Melting-pot génétique
En Europe, les variations géo-climatiques au néozoïque furent littéralement cataclysmiques. Flux et reflux du niveau de la mer, tempêtes de sel, glaciations chroniques : on pourrait se perdre dans le décompte des espèces disparus au cours de ces quelques dizaines de millions d'années. Heureusement, Tim Flannery enrichit son récit par une foule de détails sur cette vie étrange, ainsi que sur leurs découvreurs, des scientifiques parfois extravagants. Il en est ainsi de l'exécrable Richard Owen, aussi toxique pour ses confrères que sa vipère géante Laophis. Ou du baron Nopcsa von Felso-Szilvas, tombé dans l'indigence pour avoir mené à bien sa quête sacrée des dinosaures nains.
Chemin faisant, des milliers d'espèces animales ont émergé, évolué, disparu. Surtout, contrairement à l'Amérique du Sud ou à l'Australie, l'Europe s'est trouvée en contact quasi permanent avec l'Afrique et l'Asie et dans une moindre mesure avec l'Amérique du Nord. Dès lors, le Vieux Continent fut le laboratoire de toutes les hybridations. Généralement, les hybrides sont infertiles et leur poids dans la biodiversité reste marginale. Sauf en Europe, avance Tim Flannery. Sur le temps long et grâce à l'apport régulier des biotopes voisins, la faune européenne s'est constituée en tant que gigantesque melting-pot génétique.
Le retour des mammouths ?
Dans ce jeu de massacre et de métissage, un mammifère va rapidement prendre une importance démesurée. Il y a 23 millions d'années, une petite créature apparaît ici. C'est peut-être le premier hominidé, l'ancêtre des grands singes et des humains. Mais il s'en va, bientôt remplacé par d'autres primates africains. Vagues après vagues, les représentants du genre homo vont tenter leur chance en Europe, jusqu'aux puissants Néanderthaliens, seuls capables de survivre aux glaciations. Nous-mêmes sommes issus d'une ultime hybridation : celle des homo-sapiens archaïques avec leurs cousins de l'âge de glace.

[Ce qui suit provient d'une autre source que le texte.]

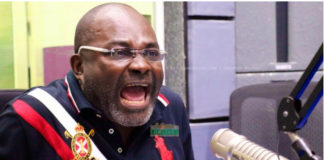 Sammy Gyamfi and Kennedy Agyapong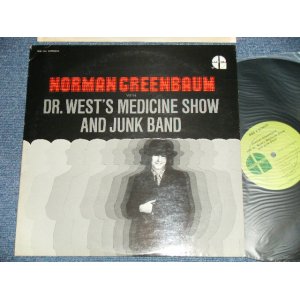 画像: NORMAN GREENBAUM - DR.WEST'S MEDICINE SHOW AND JUNK BAND  ( Ex++/MINT- ) / 1970 US AMERICA ORIGINAL Used LP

Aujourd'hui encore, entre 20 à 40 % du génome néanderthalien circule dans les populations humaines d'Europe et d'Asie. L'homme moderne, ce « bâtard », est pourtant la source des plus grands bouleversements dans la biosphère européenne et bientôt mondiale. Dans les derniers chapitres du Supercontinent, on survolera les conséquences de la chasse sur la mégafaune du pléistocène, des diverses domestications, de l'agriculture, de l'expansion européenne et pour finir de la révolution industrielle qui enclenche une nouvelle ère, l'anthropocène.
Forcément, plus le récit se rapproche du temps présent, plus le ton devient préoccupant. Tim Flannery, à la fois paléontologue et militant écologiste, considère pourtant que l'Europe est un territoire privilégié pour combattre la sixième extinction. A la pointe du combat en la matière, l'Europe est exempte du boom démographique suicidaire qui risque de submerger l'Afrique et l'Asie. Et l'auteur d'imaginer un réensauvagement des campagnes par le très européen processus de métissage. Ce serait alors le retour des lions et des rhinocéros, des hyènes et des ours. Dans une Europe plus chaude et plus sauvage, des touristes du monde entier viendront photographier ces nouveaux hybrides sans poil, mais que l'on appellera forcément des mammouths.